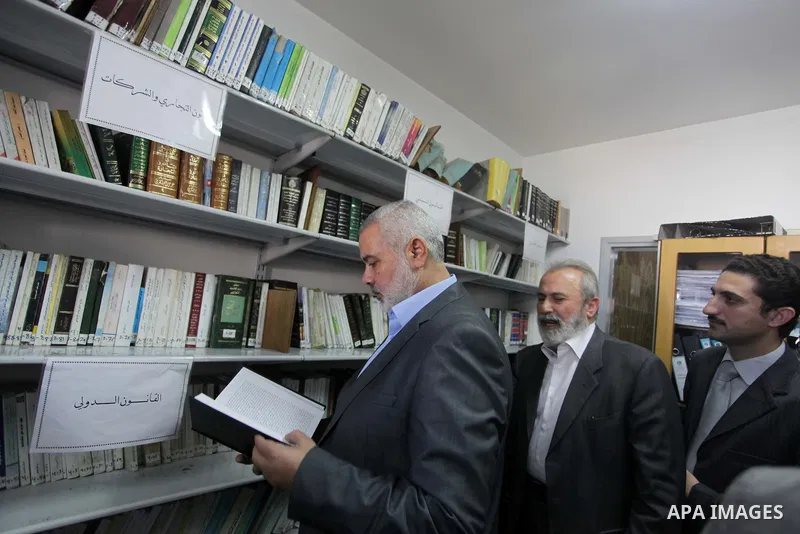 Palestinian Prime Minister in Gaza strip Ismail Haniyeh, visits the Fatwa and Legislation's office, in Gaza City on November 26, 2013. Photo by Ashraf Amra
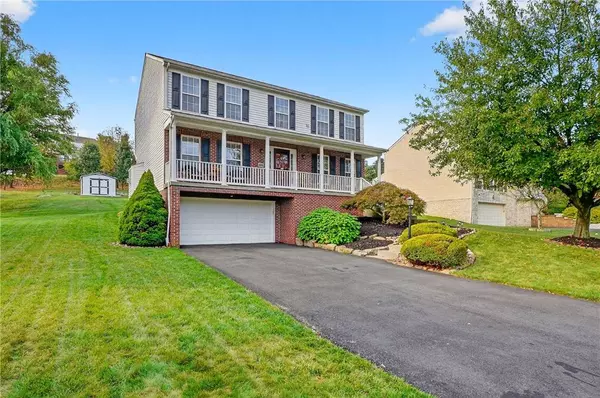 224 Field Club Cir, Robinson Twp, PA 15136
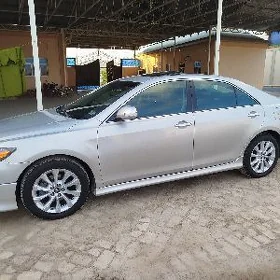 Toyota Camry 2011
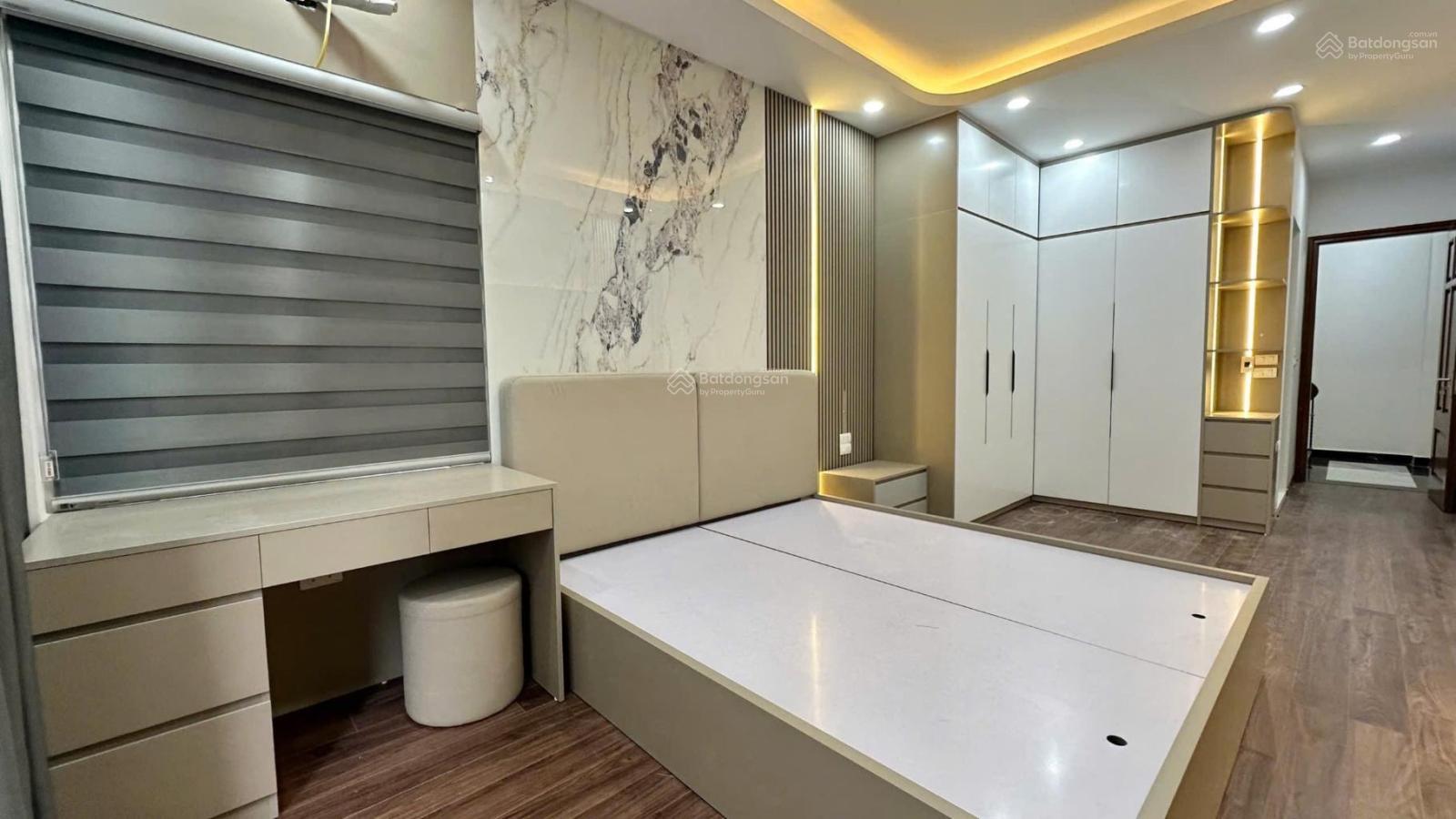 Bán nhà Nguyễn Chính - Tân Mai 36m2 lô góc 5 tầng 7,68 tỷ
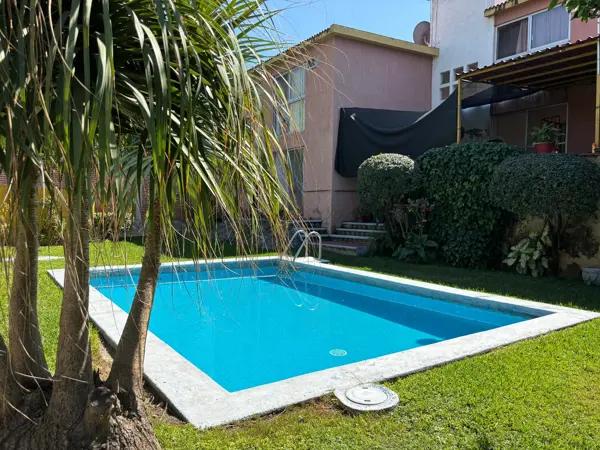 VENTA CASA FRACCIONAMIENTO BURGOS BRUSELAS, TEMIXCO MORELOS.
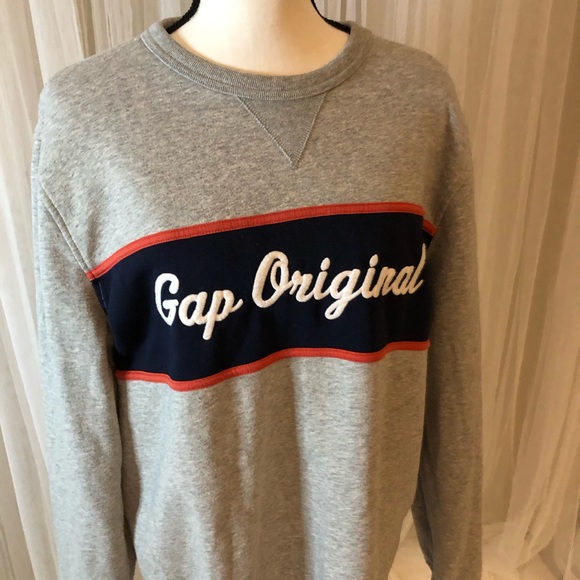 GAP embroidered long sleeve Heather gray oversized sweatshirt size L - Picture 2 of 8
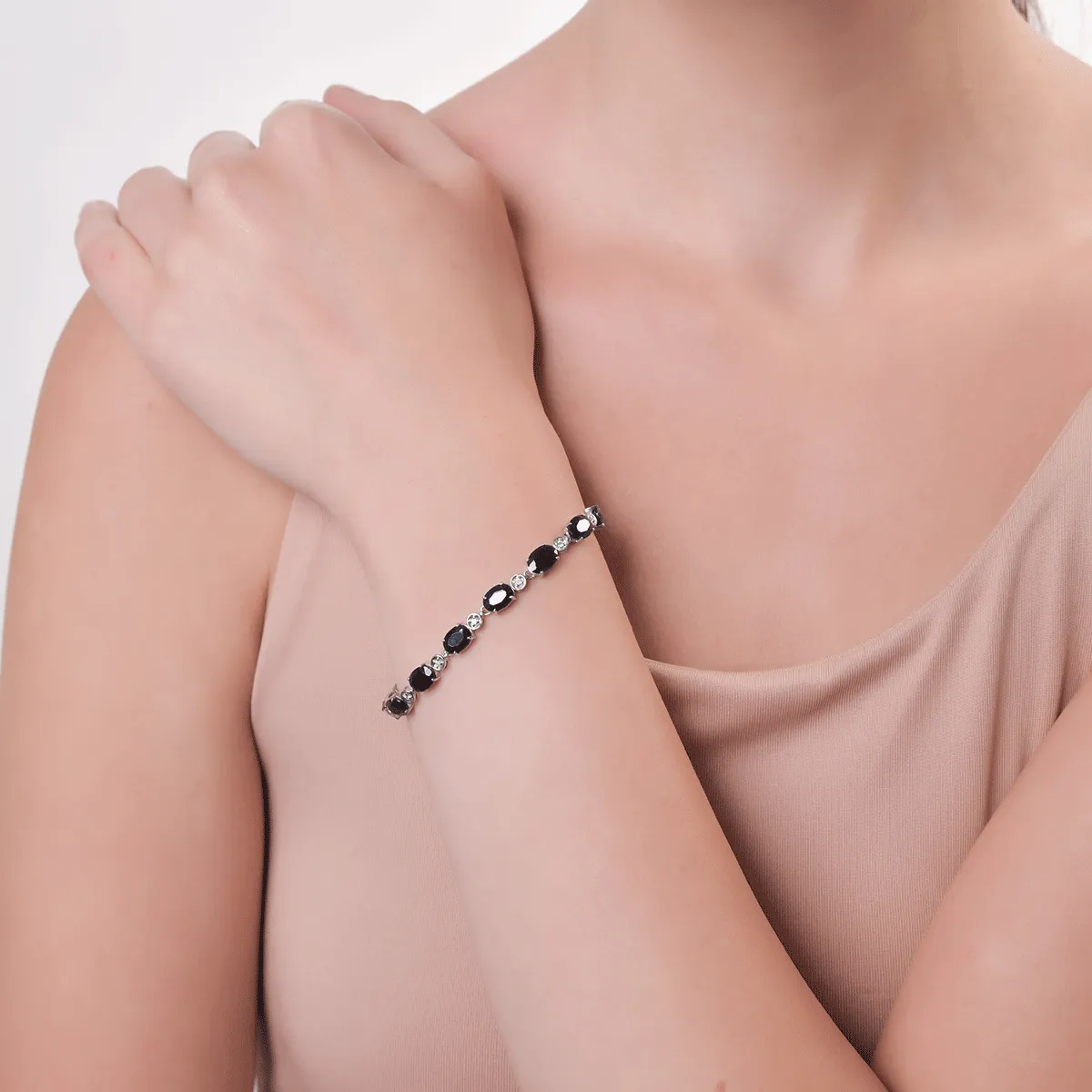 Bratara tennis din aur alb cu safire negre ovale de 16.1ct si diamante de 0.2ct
◆ ◆ ◆ ◆ ◆ ◆ ◆
WORK INSTRUCTION:
The data needs to be reproduced exactly, please, apart from its pictures.

YOUR RESPONSE:
 Palestinian Prime Minister in Gaza strip Ismail Haniyeh, visits the Fatwa and Legislation's office, in Gaza City on November 26, 2013. Photo by Ashraf Amra
 224 Field Club Cir, Robinson Twp, PA 15136
 Toyota Camry 2011
 Bán nhà Nguyễn Chính - Tân Mai 36m2 lô góc 5 tầng 7,68 tỷ
 VENTA CASA FRACCIONAMIENTO BURGOS BRUSELAS, TEMIXCO MORELOS.
 GAP embroidered long sleeve Heather gray oversized sweatshirt size L - Picture 2 of 8
 Bratara tennis din aur alb cu safire negre ovale de 16.1ct si diamante de 0.2ct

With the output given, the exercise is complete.